• **Materials provided**

━━━━━━━━

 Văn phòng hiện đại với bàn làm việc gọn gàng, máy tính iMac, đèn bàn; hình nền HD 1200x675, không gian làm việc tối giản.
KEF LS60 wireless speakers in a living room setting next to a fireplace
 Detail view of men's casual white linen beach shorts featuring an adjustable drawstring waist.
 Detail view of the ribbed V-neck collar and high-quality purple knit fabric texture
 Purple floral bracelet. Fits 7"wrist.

━━━━━━━━

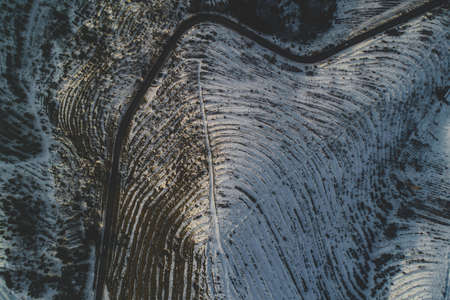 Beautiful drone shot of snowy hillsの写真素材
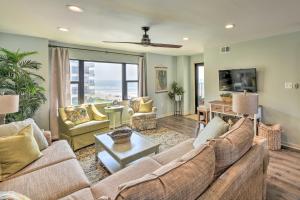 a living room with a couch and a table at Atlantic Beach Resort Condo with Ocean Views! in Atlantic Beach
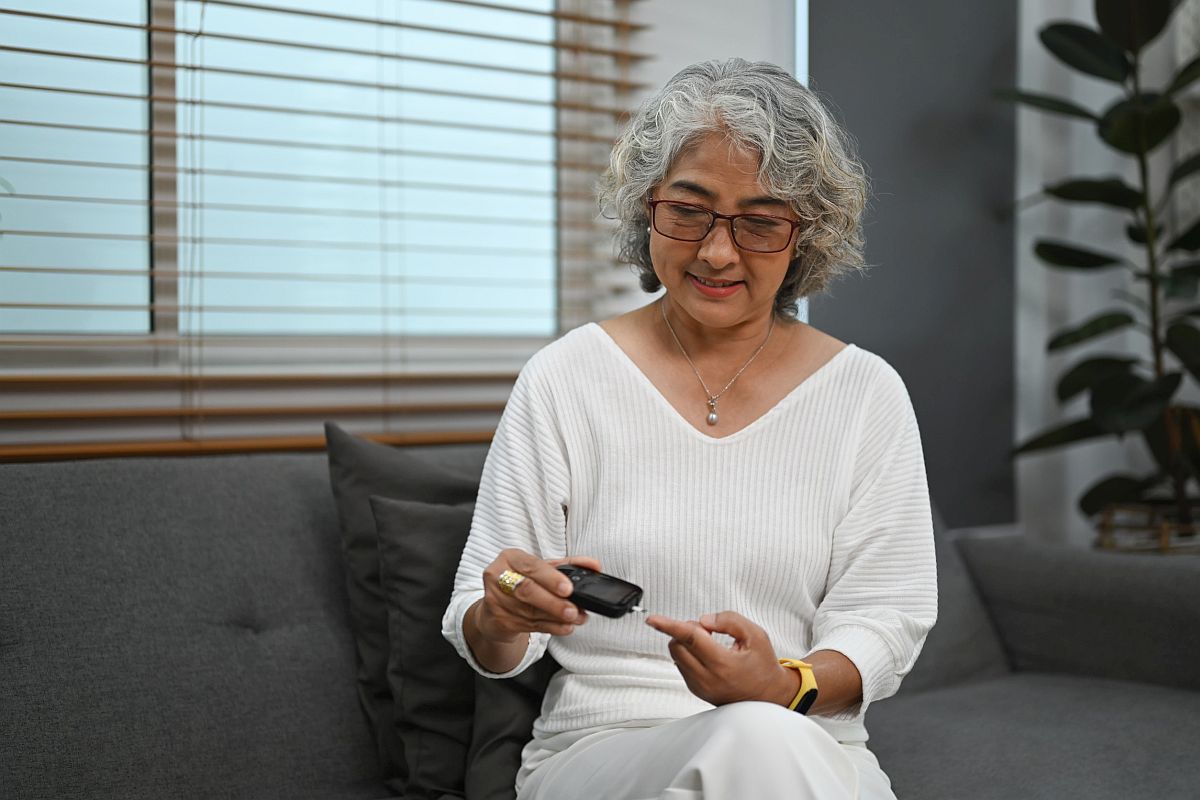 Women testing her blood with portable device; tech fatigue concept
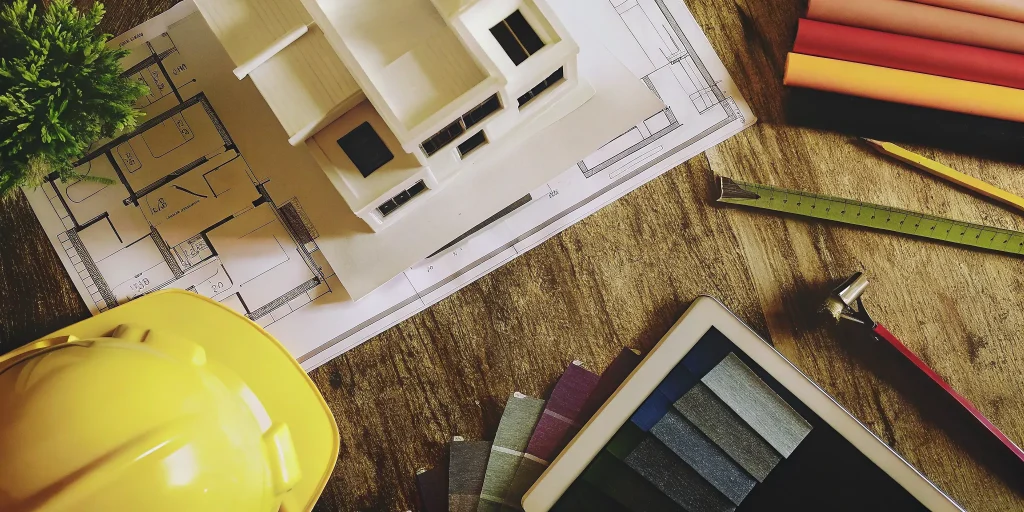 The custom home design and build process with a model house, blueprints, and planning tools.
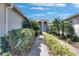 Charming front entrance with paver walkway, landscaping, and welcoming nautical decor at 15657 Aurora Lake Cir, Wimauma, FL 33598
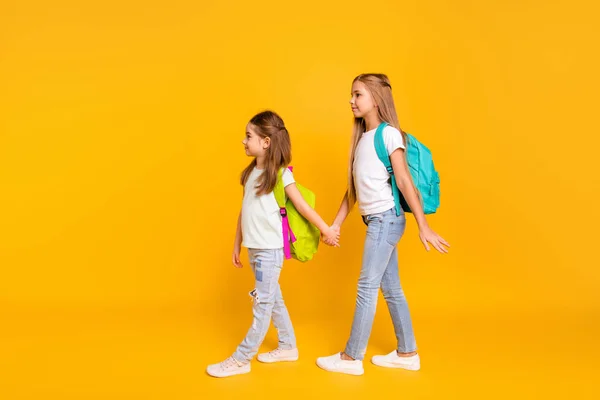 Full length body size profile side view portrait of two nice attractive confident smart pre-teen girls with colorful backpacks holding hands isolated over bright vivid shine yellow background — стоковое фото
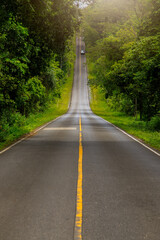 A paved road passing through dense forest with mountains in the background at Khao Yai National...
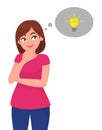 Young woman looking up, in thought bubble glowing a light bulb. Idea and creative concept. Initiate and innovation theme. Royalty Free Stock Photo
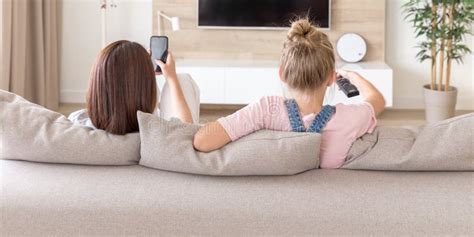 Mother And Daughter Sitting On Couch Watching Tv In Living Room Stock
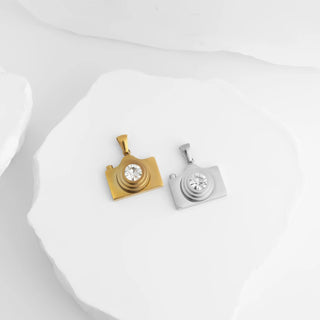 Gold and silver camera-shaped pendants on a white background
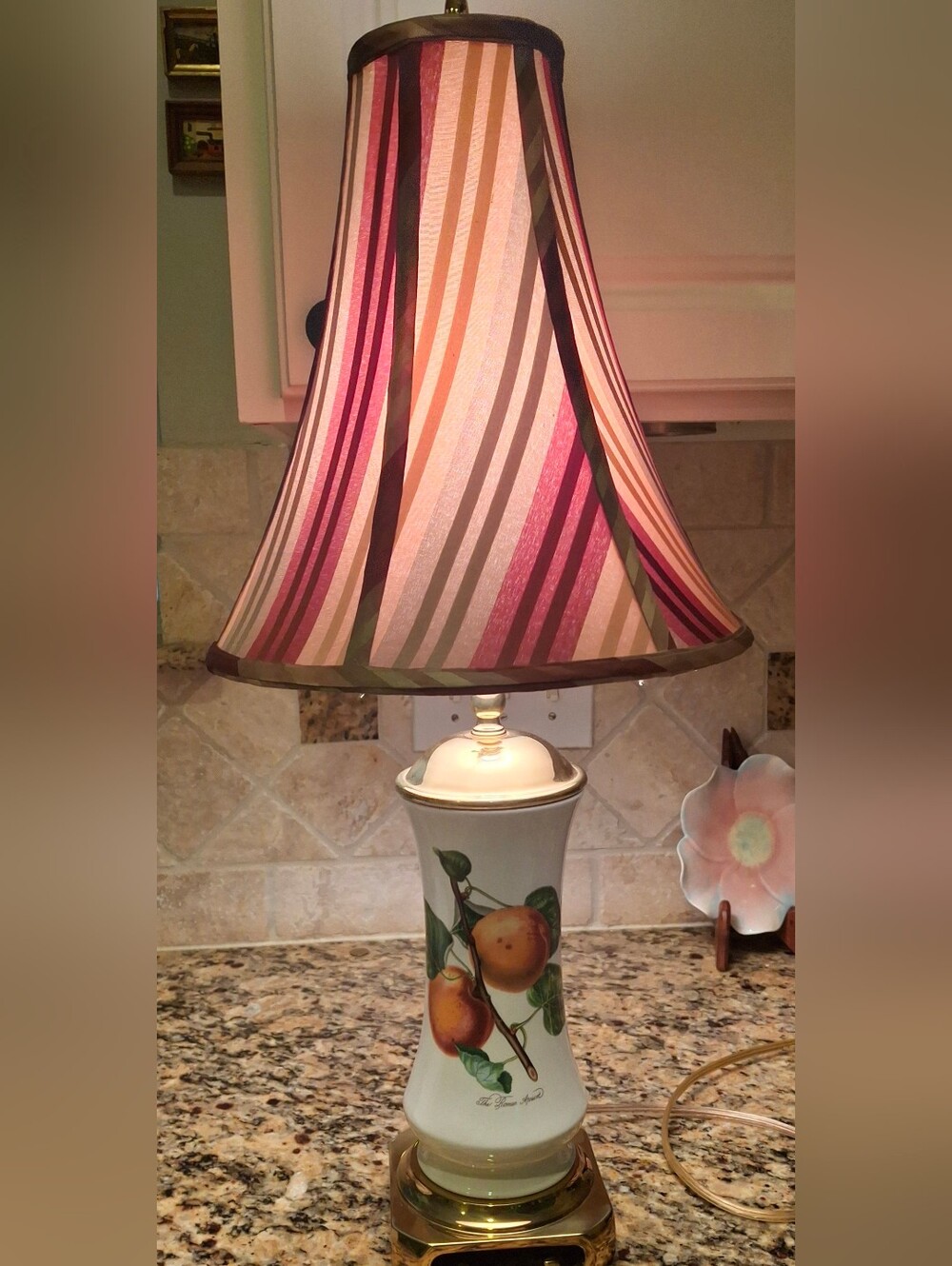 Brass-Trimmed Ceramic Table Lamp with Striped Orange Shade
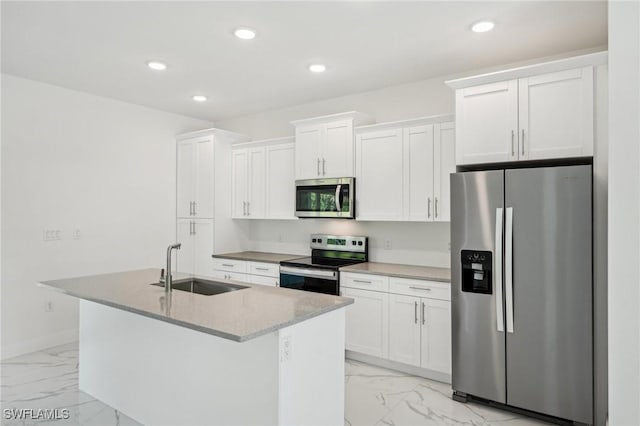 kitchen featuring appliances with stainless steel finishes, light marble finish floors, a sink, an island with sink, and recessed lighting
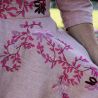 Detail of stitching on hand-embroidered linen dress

━━━━━━━━

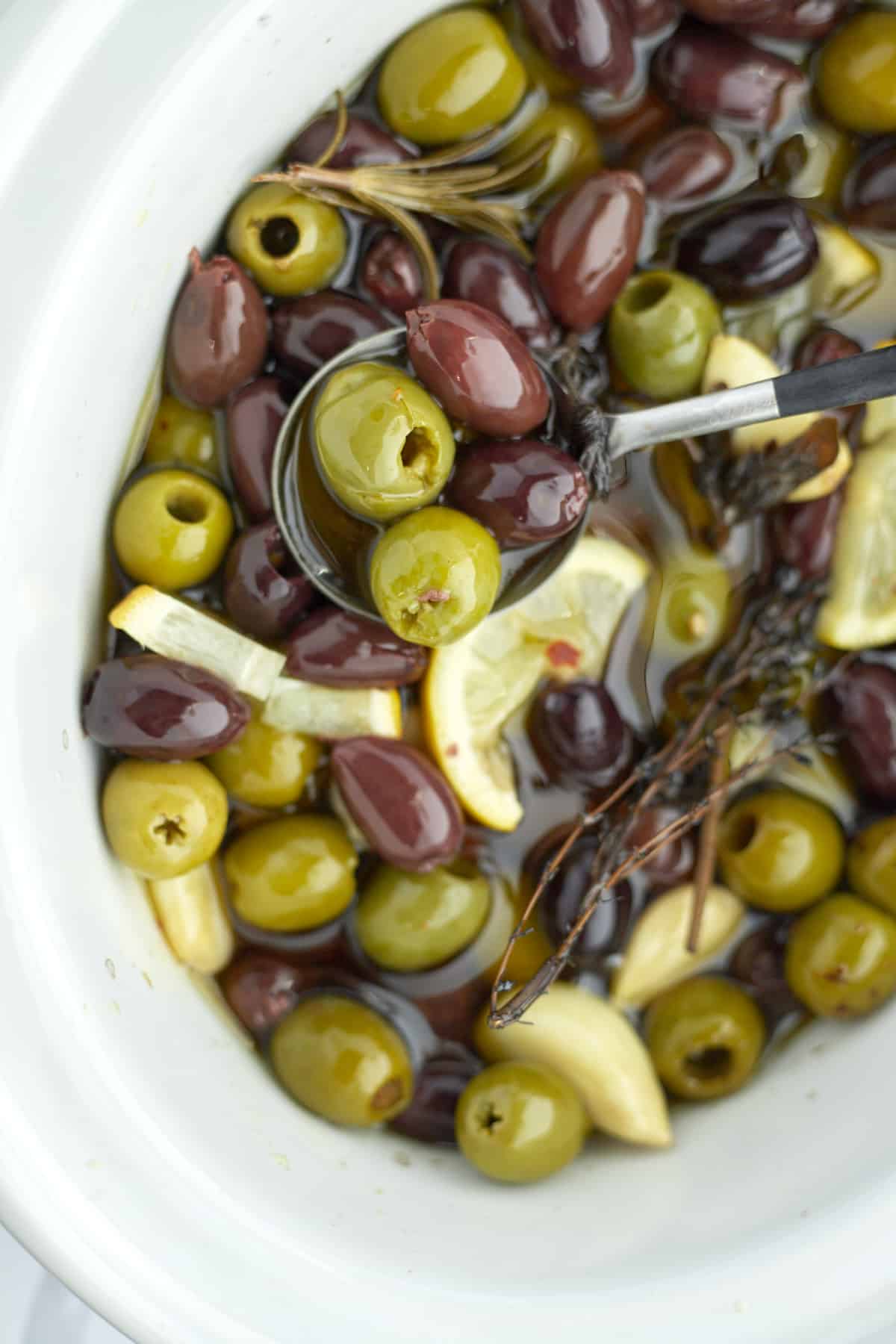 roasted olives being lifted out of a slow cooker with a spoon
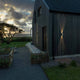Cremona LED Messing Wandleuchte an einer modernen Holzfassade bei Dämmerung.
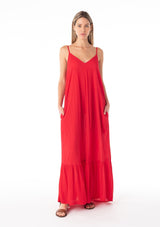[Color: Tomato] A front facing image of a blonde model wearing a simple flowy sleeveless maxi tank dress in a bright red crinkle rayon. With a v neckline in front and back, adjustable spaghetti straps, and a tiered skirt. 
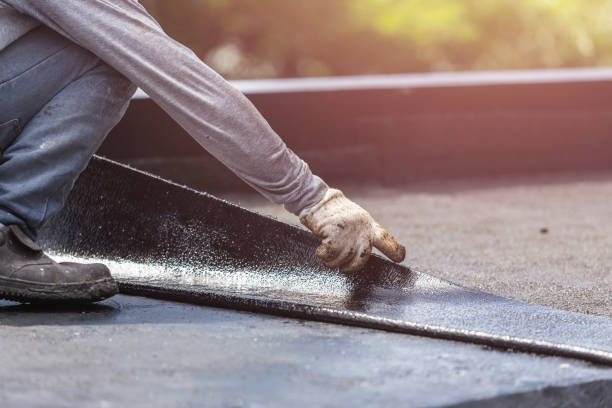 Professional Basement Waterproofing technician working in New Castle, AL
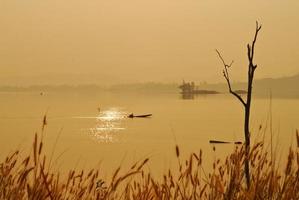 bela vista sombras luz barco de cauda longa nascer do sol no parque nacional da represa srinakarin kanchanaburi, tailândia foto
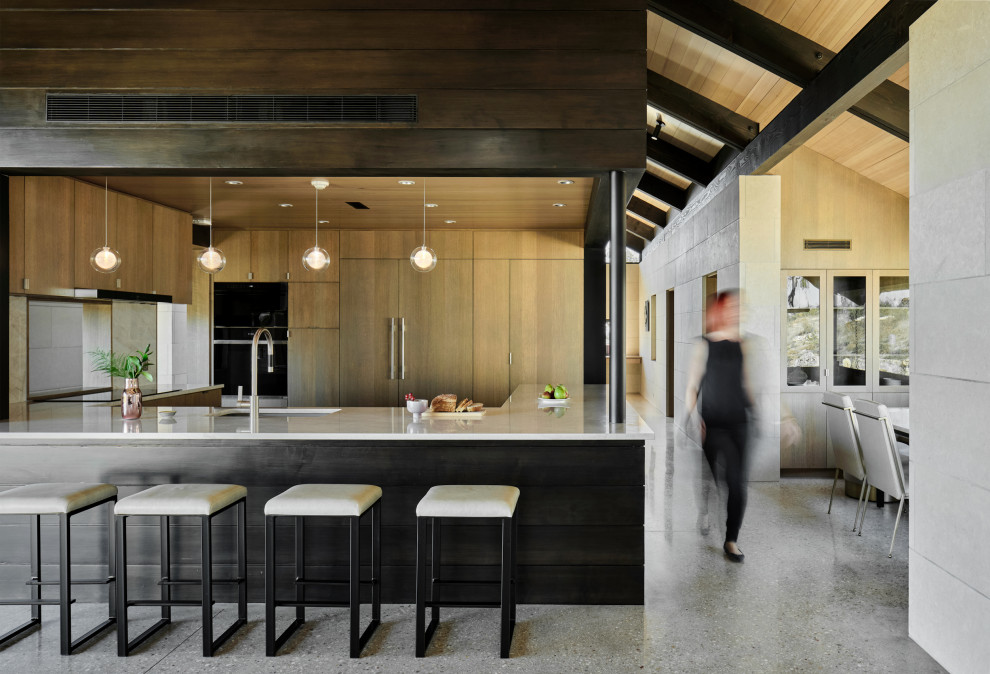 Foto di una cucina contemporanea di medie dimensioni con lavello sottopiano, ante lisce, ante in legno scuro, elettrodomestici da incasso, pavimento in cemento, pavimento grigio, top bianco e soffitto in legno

━━━━━━━━

• **Task goal**
When you reach the line holding "Văn phòng hiện" in the records above, begin reproducing exactly, stop after the line holding "Purple floral bracelet.", and output nothing else.

• **Answer**
 Văn phòng hiện đại với bàn làm việc gọn gàng, máy tính iMac, đèn bàn; hình nền HD 1200x675, không gian làm việc tối giản.
KEF LS60 wireless speakers in a living room setting next to a fireplace
 Detail view of men's casual white linen beach shorts featuring an adjustable drawstring waist.
 Detail view of the ribbed V-neck collar and high-quality purple knit fabric texture
 Purple floral bracelet. Fits 7"wrist.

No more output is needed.